### ABOUT THIS EXERCISE
Stop at the line that contains "Kit 3 Quadros". Until then, set down each line of the records exactly, beginning with the first, and skip pictures.

-------- RECORDS FOR PROCESSING --------

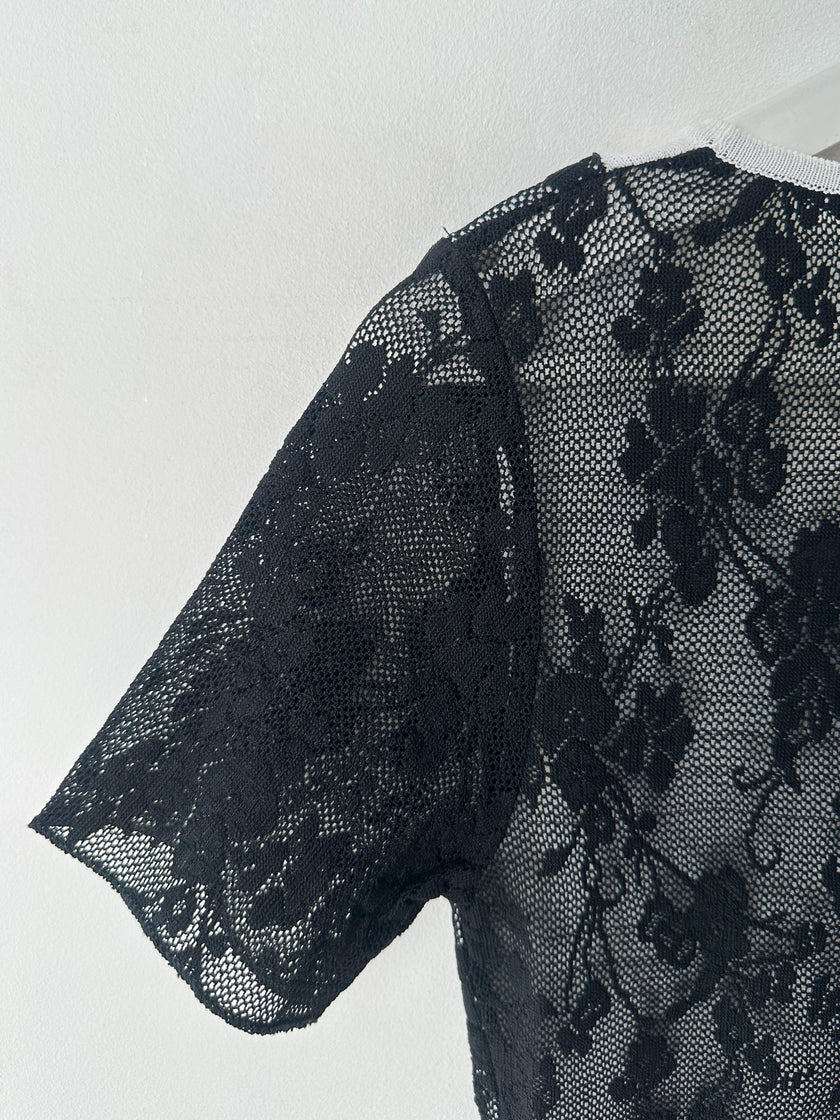 ITALIAN LABEL - 1990s LAYERED FRONT LACE T-SHIRT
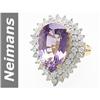 Image 1 : 17.31 ct Amethyst & Diamond Ring 14kt Gold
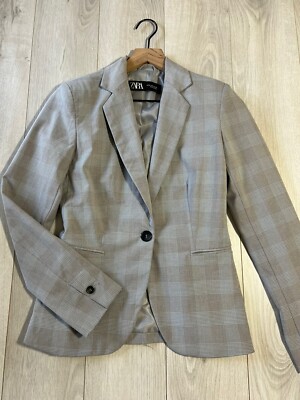 Zara Women's Gray Blue Plaid One Button Slim Fitted Blazer Jacket
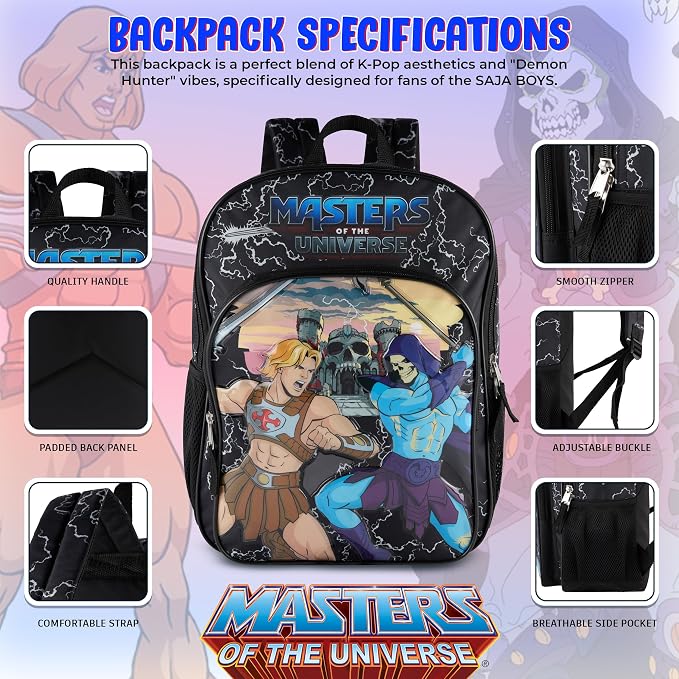 AI ACCESSORY INNOVATIONS Masters of the Universe Castle Grayskull Backpack for Kids, 16 Inch Bookbag featuring He-Man & Skeletor, Black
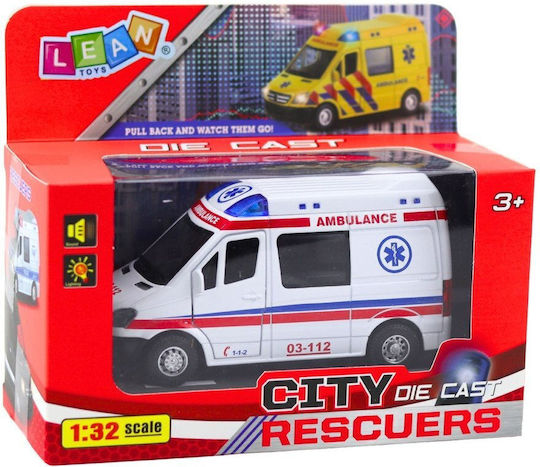 Lean Toys Toy Car 1:32 Ambulance Pull Back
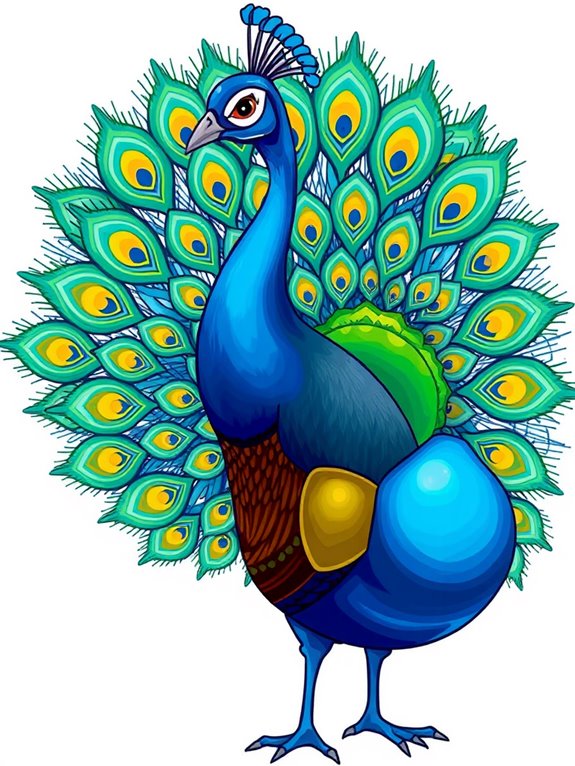 colorful peacock illustration art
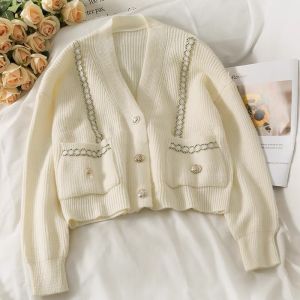 Áo Khoác Len Viền Xích 2 Túi Tay Bồng
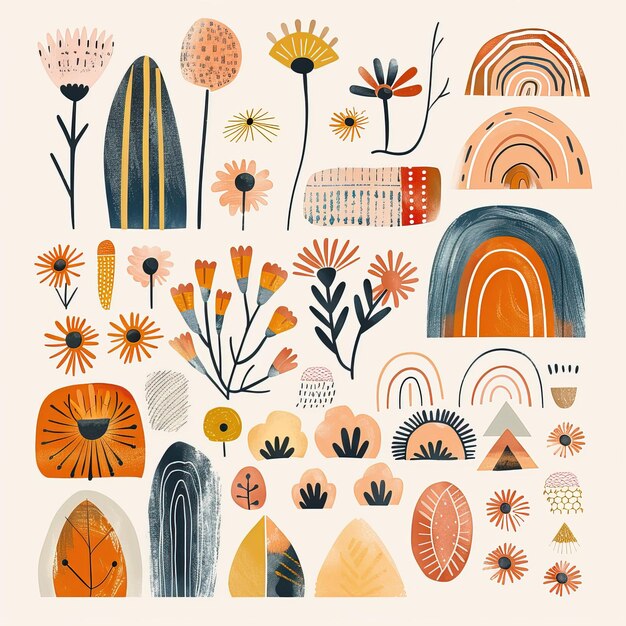 Set van met de hand getekende doodle vector illustraties Scandinavische stijl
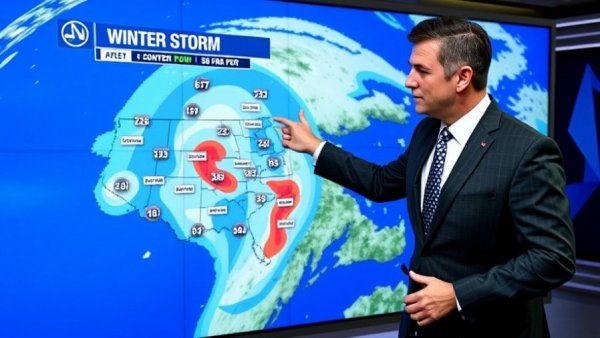 Dallas Winter Storm Forecast presenter explaining storm zones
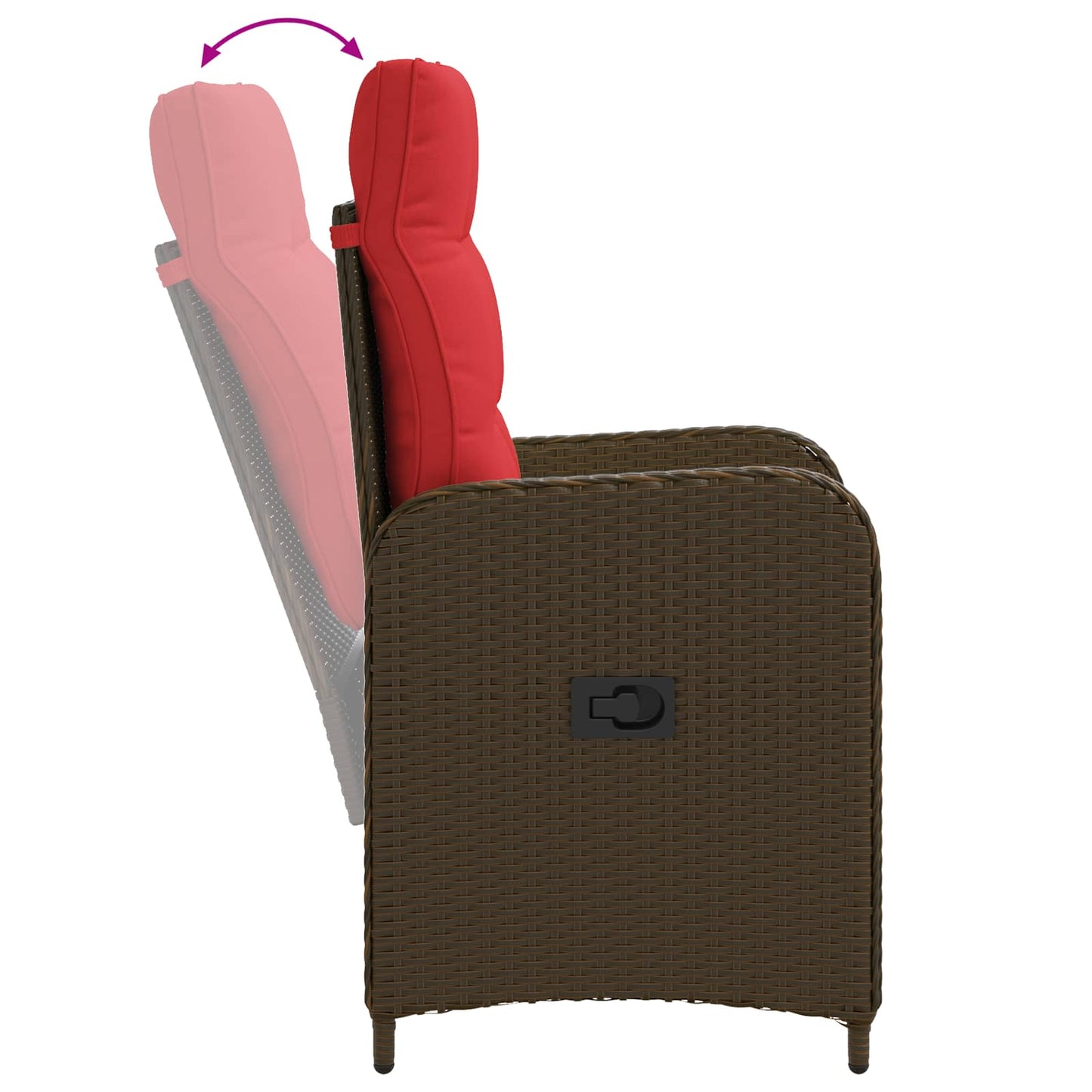 Verstelbare tuinstoel Bruin en Rood poly rattan is nu te koop bij PeponiXL, paradijselijk wonen!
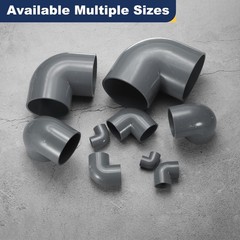4 Pcs 1.5 Inch 90 Degree Elbow Pipe Fittings 2 Way, Grey
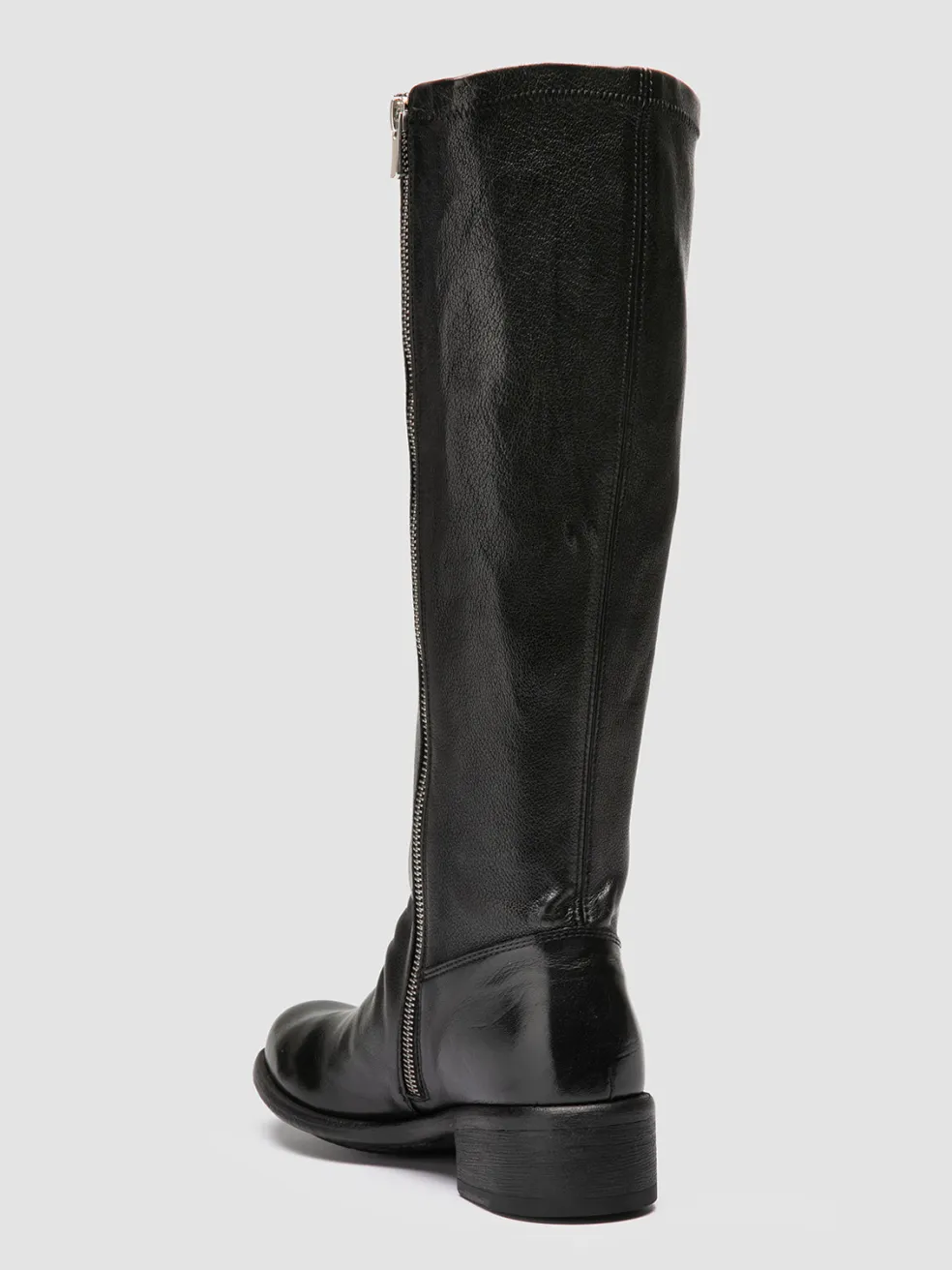 Discount Officine Creative LIS 005 - Black Leather Zipped Boots NERO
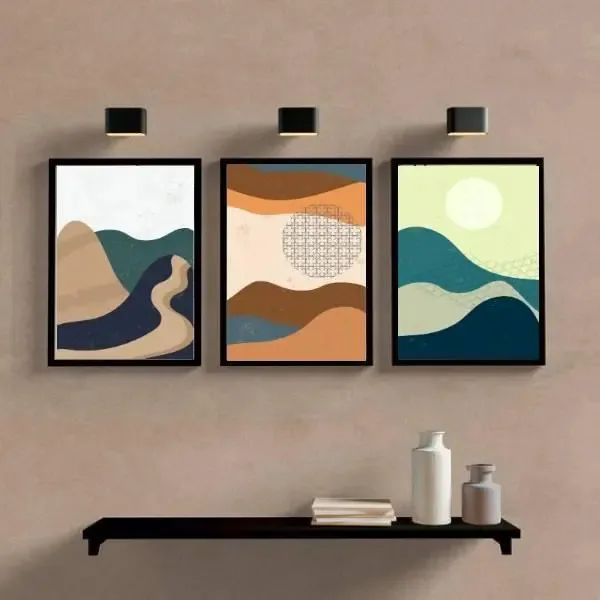 Kit 3 Quadros Abstratos Montanhas Coloridas 24x18cm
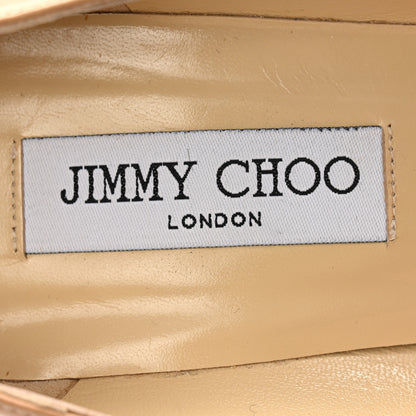 Jimmy Choo Patent Napa Sepia Platform Pumps 38 Beige Black 6 of 10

--------

### SOLUTION
 ITALIAN LABEL - 1990s LAYERED FRONT LACE T-SHIRT
 Image 1 : 17.31 ct Amethyst & Diamond Ring 14kt Gold
 Zara Women's Gray Blue Plaid One Button Slim Fitted Blazer Jacket
 AI ACCESSORY INNOVATIONS Masters of the Universe Castle Grayskull Backpack for Kids, 16 Inch Bookbag featuring He-Man & Skeletor, Black
 Lean Toys Toy Car 1:32 Ambulance Pull Back
 colorful peacock illustration art
 Áo Khoác Len Viền Xích 2 Túi Tay Bồng
 Set van met de hand getekende doodle vector illustraties Scandinavische stijl
 Dallas Winter Storm Forecast presenter explaining storm zones
 Verstelbare tuinstoel Bruin en Rood poly rattan is nu te koop bij PeponiXL, paradijselijk wonen!
4 Pcs 1.5 Inch 90 Degree Elbow Pipe Fittings 2 Way, Grey
 Discount Officine Creative LIS 005 - Black Leather Zipped Boots NERO
 Kit 3 Quadros Abstratos Montanhas Coloridas 24x18cm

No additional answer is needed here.